Over and over, the song rang out in Zulu, a cadence that had summoned the strength of black South Africa in its struggle to end white minority rule: “Hold it / you fighters / The sound of your machines / reminds me / of Oliver Tambo!”

Engulfed by 2,500 people belting out the chorus of the famous African National Congress (ANC) tribute to a movement hero, I watched awestruck as protesters danced the toi toi, another expression of the anti-apartheid struggle. I’d seen countless newsreels of this sort of defiant celebration. Now, with apartheid history, I listened as a new generation of fighters told the world that the war for their lives has begun again.

“The toi toi gives me strength. I bring down this foot,” said HIVer-activist Mercy Makhalemele, stamping down one foot while raising the other high, “and I feel it. I bring down the other foot” -- her boot crashed to the cement -- “and I feel it.”

That’s just the reaction that organizers of this July 9 march through downtown Durban sought to spark among the 4.2 million South Africans who are HIV positive: a renewed spirit of resistance against what they consider the nation’s new oppressors -- multinational pharmaceutical companies.

South Africa’s Treatment Action Campaign (TAC) organized the protest in partnership with the U.S.-based Health GAP Coalition, with scores of conferees from abroad joining in. The march, which nearly upstaged the opening of the conference, revealed a growing impatience among black South Africans from poor townships, both with drug-company price gouging and with their own government’s equivocation about providing basic medications for HIV-related illnesses.

“The drug companies are strong.
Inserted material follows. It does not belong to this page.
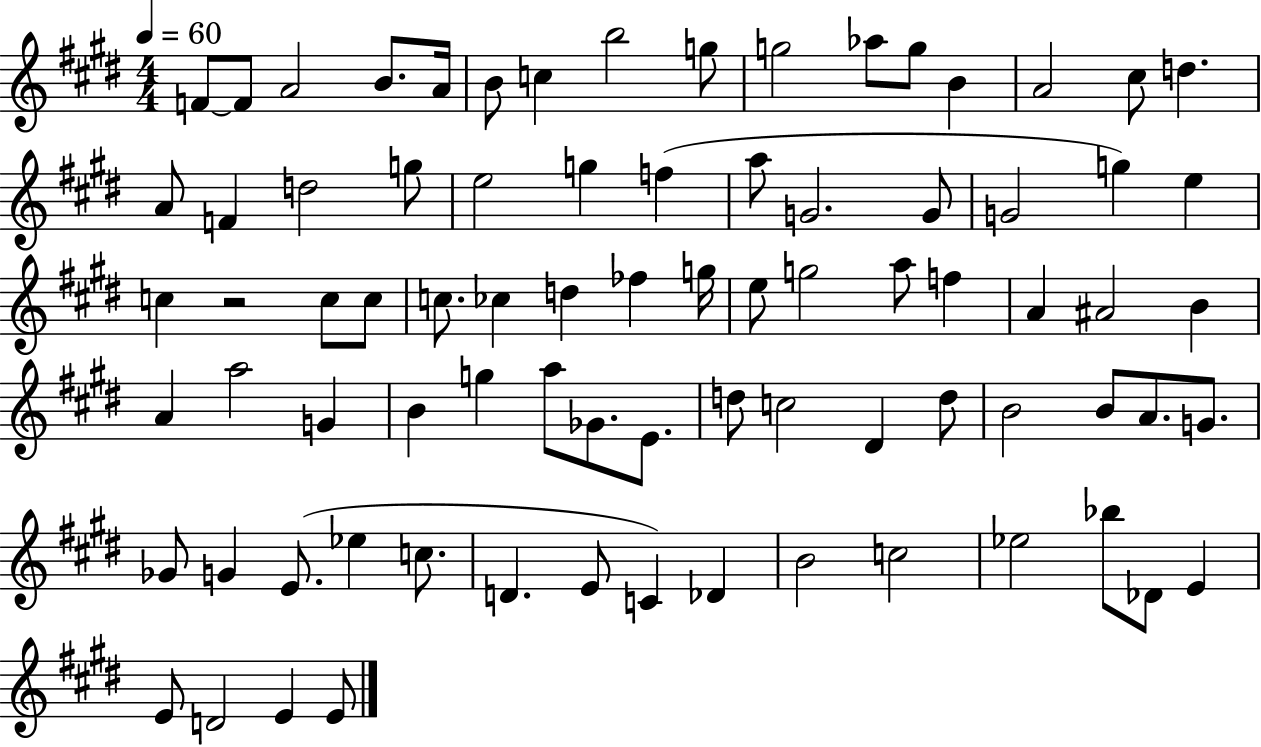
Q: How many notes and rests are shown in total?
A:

But we have right on our side,” said Zackie Achmat, a TAC leader. “We did not stop apartheid by not fighting. We can’t stop HIV without a fight.”

The march witnessed the reassembly of the old anti-apartheid coalition -- including a major trade-union confederation, the South African Communist Party and rank-and-filers from the ANC. But the most dramatic link between past and present came when Winnie Madikizela-Mandela, a national hero for her decades-long resistance to apartheid, addressed the rally. Youthful protesters screamed like adoring fans seeing a rap star, but her song went this way: “Today we are marching again. It is part of the long walk to freedom. We brought down apartheid -- who are the pharmaceuticals?”